Gibt es Intuition und, wenn ja, was ist das?

Die Autorin glaubt, eine sehr gute Intuition zu besitzen, ihre Freunde sind da eher skeptisch Die Autorin glaubt, eine sehr gute Intuition zu besitzen, ihre Freunde sind da eher skeptisch
Die Autorin glaubt, eine sehr gute Intuition zu besitzen, ihre Freunde sind da eher skeptisch
Quelle: Moritz Thau/Getty Images; CSA Images RF
Was sagt eigentlich die Wissenschaft zum Thema Vorahnungen? Gibt es sie, oder ist das Quatsch? Und wenn es die Vorahnung gibt, wo kommt die eigentlich her, und warum hat man sie manchmal und dann wieder nicht? Können Vorahnungen auch irren? So viele Fragen!

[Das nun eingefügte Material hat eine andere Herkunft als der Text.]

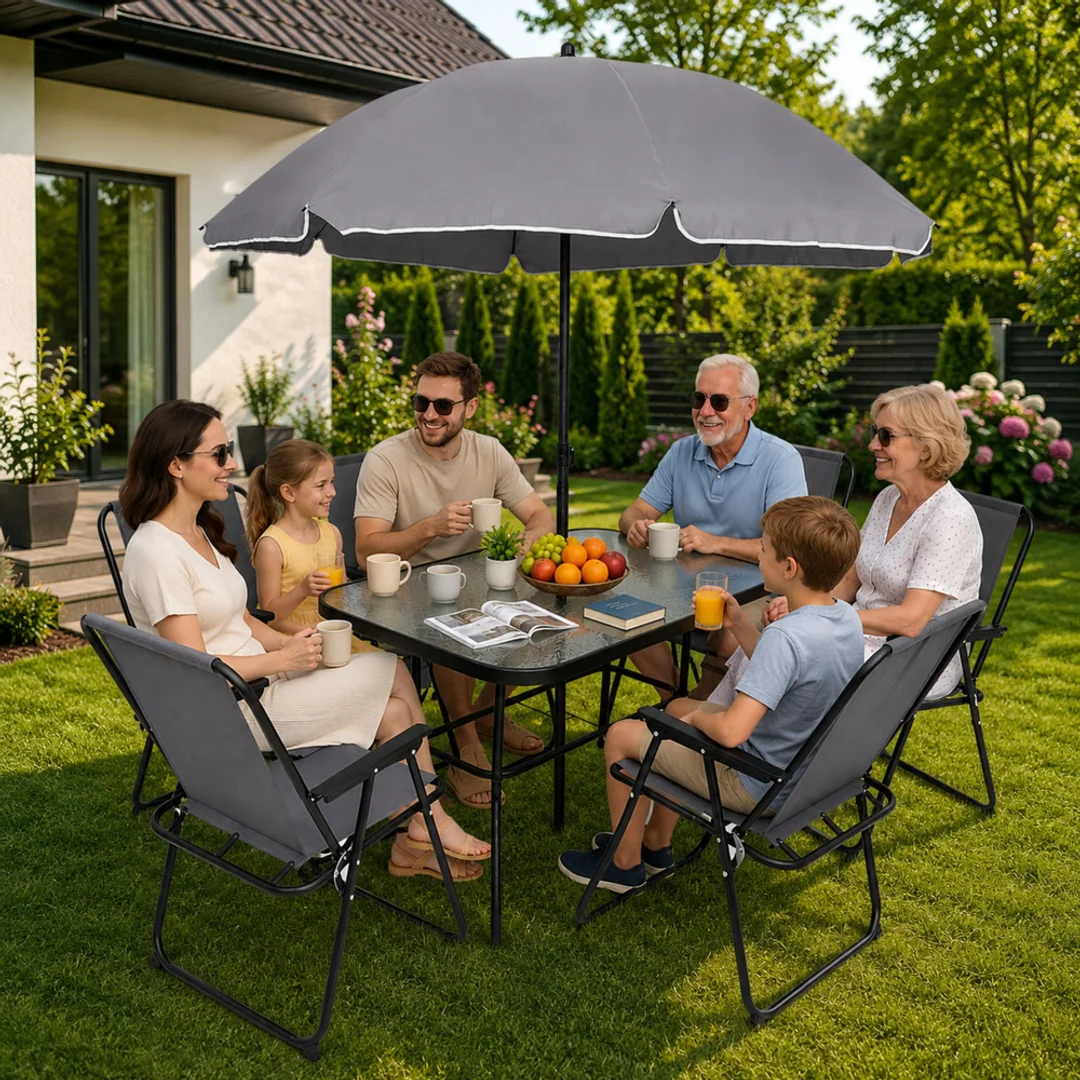 ND24_29485 Zestaw Meble Ogrodowe Stół Krzesła Metalowe Parasol Na Balkon Taras Ogród 5905991094722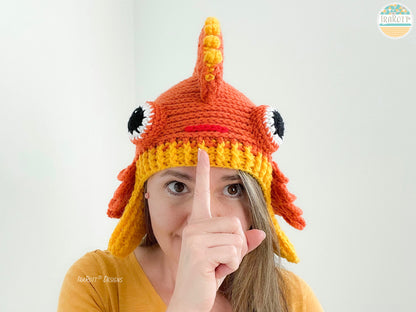 Amber The Fancy Goldfish Hat Crochet Pattern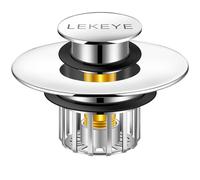 LEKEYE 2-in-1 Bathroom Sink Plug & Strainer, Pop up Sink Plug Replacement for Wash Basin, Bathroom Sink Strainer with Rust Resistant Zinc Alloy Material & Silicone Seal, Fits Most 38-43mm Drains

Folgende Situation: Sie geben einer Person die Hand und wissen instinktiv, diese Hand wird Ihnen noch häufiger gegeben werden, und zwar nicht, weil Ihre Lebensumstände das notgedrungen so erfordern, also weil diese Hand eben einer neuen Arbeitskollegin oder Schwiegermutter gehört, dann nämlich wäre die Eingebung, dass Sie diese Hand noch häufiger schütteln werden, gar keine Eingebung, sondern einfach nur eine sehr naheliegende Feststellung, die wirklich kaum jemand jemals denkt.

Genau wie man beim täglichen Kaffee eben nicht denkt: Das wird nicht der letzte Kaffee sein, nein, es werden weitere Kaffees folgen. Täglich. Solche an Sicherheit grenzenden Wahrscheinlichkeitsbanalitäten spart sich unser Gehirn dankenswerterweise. Man kann ja auch nicht alles denken. Nicht auszudenken, wie das wäre, wenn es nicht so wäre.

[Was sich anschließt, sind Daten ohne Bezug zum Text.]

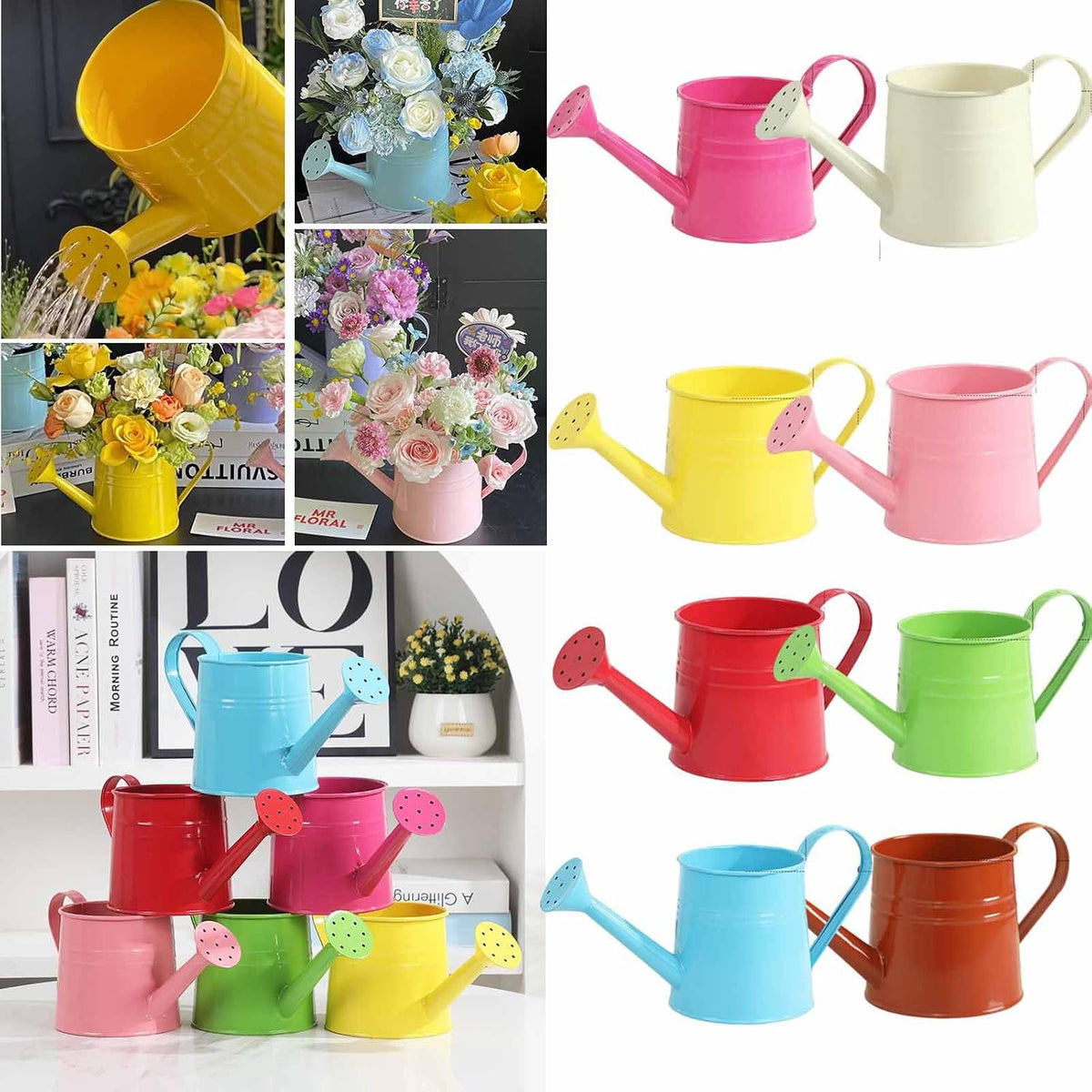 Watering Can Indoor, 1L Garden Watering Can Metal for Flowers, Tinplate Watering Kettle with Long Spout & Ergonomic Handle for Indoor Outdoor Garden Balcony Patio Irrigation (Blue)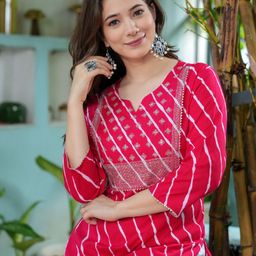 KBZ Women Striped Embroidered Daily Cotton Straight Kurta-image-7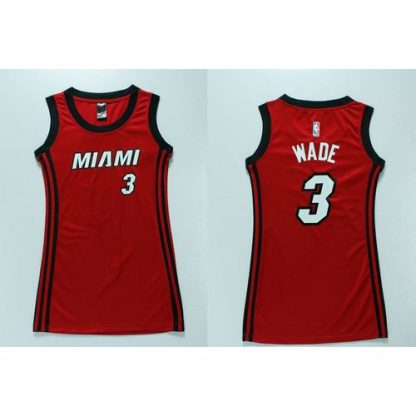 Miami Heat #3 Dwyane Wade Red Dress Women's Stitched NBA Jersey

Nein, die Rede ist hier von einer Situation, in der Sie jemandem die Hand geben, der jederzeit wieder durch die Maschen Ihres Lebens fallen könnte, weil sie eben nicht familiär oder arbeitstechnisch verstrickt sind. Es ist ein Gefühl, oder die Wahrnehmung, dass eine Begegnung nicht folgenlos bleiben wird, obwohl Sie die begegnete Person erst seit wenigen Sekunden kennen.

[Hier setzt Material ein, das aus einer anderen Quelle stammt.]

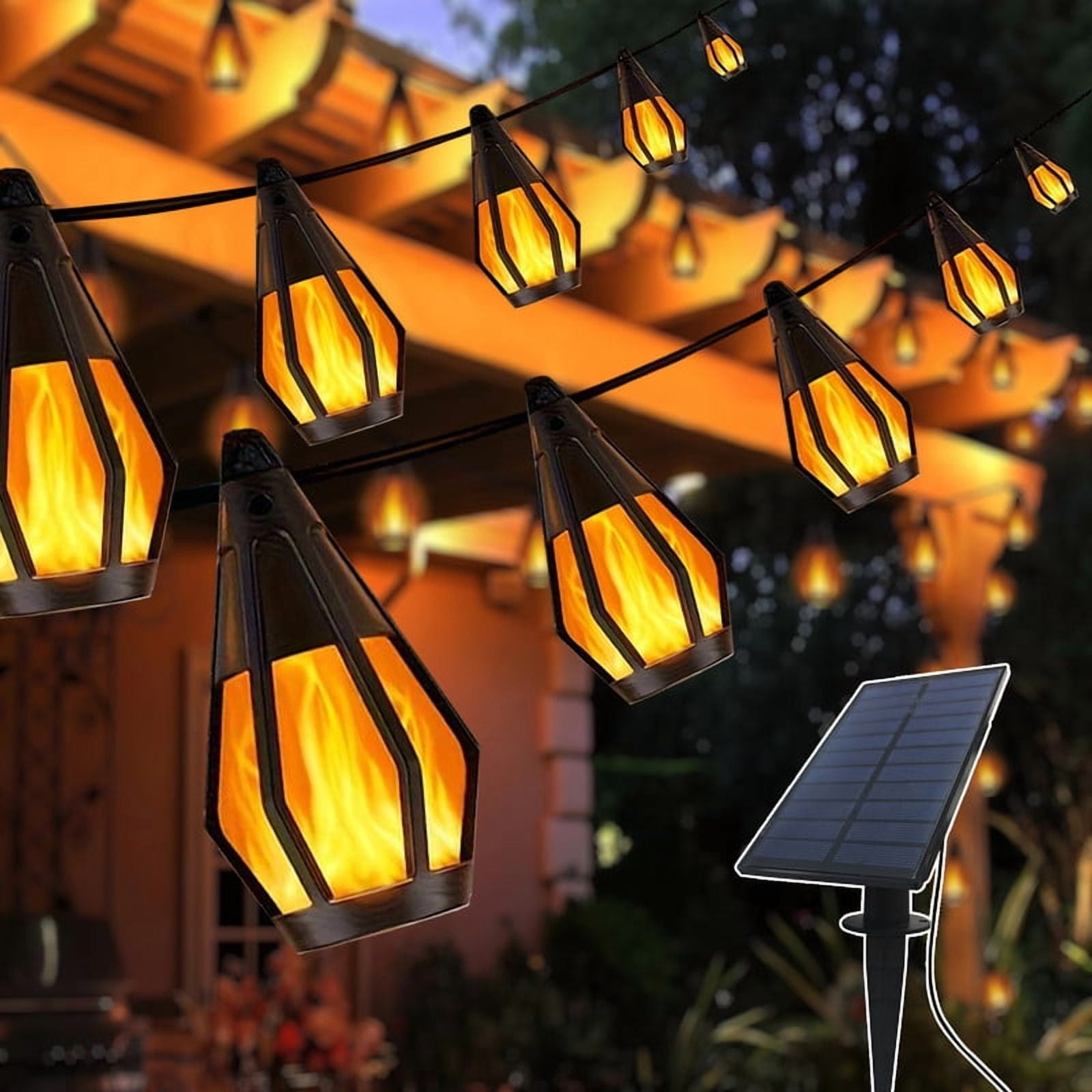 Solar Lights Outdoor String Lights, 30FT Solar String Lights Outdoor Waterproof Warm White with 10 Flickering Flame Light Bulbs, Patio Lights for Garden Backyard Gazebo Party Halloween Decoration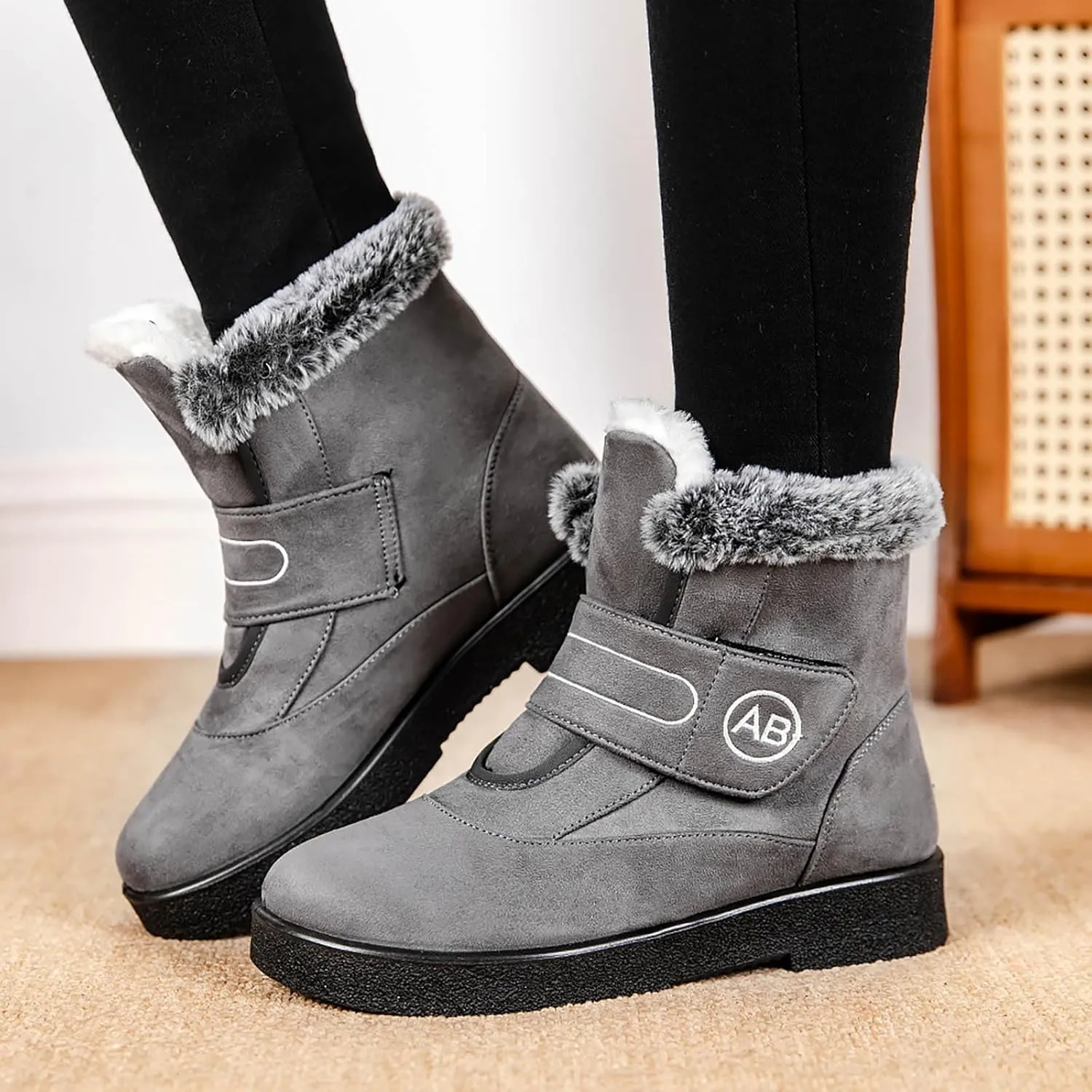 Ankle Boots for Women Warm Fur Lined Winter Snow Boots Outdoor Comfortable Flat Booties Leather Round Toe Booties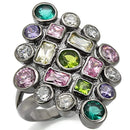 Unique Rings 0W297 Ruthenium Brass Ring with AAA Grade CZ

Ich hatte so einen speziellen Moment Anfang dieses Jahres auf einem Konzert, zu dem ich bereits in Begleitung war, als sich eine Frau neben mich setzte, die eigentlich neben jemand anderes hatte sitzen wollen, diesen jemand aber nicht wiederfand, also sah sie mich unsicher an, ob sie hier nun sitzen bleiben solle, und ich sagte, bleib nur sitzen, und in dem Moment, in dem ich das sagte, wusste ich, dass diese Person allgemein in meinem Leben sitzen bleiben wird.

Und ich hatte recht. Die Frau vom Konzert ist mir heute eine sehr, sehr gute Freundin.

Ich hatte solche Situationen schon ein paar Mal in meinem Leben. Nicht täglich. Nicht jeden Monat. Aber wenn ich sie habe, machen sie meist einen ziemlichen Eindruck auf mich. Und wenn Dinge einen ziemlichen Eindruck auf mich machen, muss ich meist ziemlich viel darüber reden. Also sage ich den Menschen um mich herum, dass ich eine sehr gute Intuition habe, aber diese Menschen, die ich wirklich schätze, schauen dann meist sehr schief. Sie sagen mir trocken: Na, dann spiel doch Lotto. Manchmal folgt auch nur ein Augenverdrehen. Das Wort „Intuition“ scheint im Wortschatz also ziemlich nah neben „Glaskugel“ zu liegen. Dabei ist es durchaus ein Begriff, mit dem sich sowohl Psychologie als auch Neurobiologie auseinandersetzen.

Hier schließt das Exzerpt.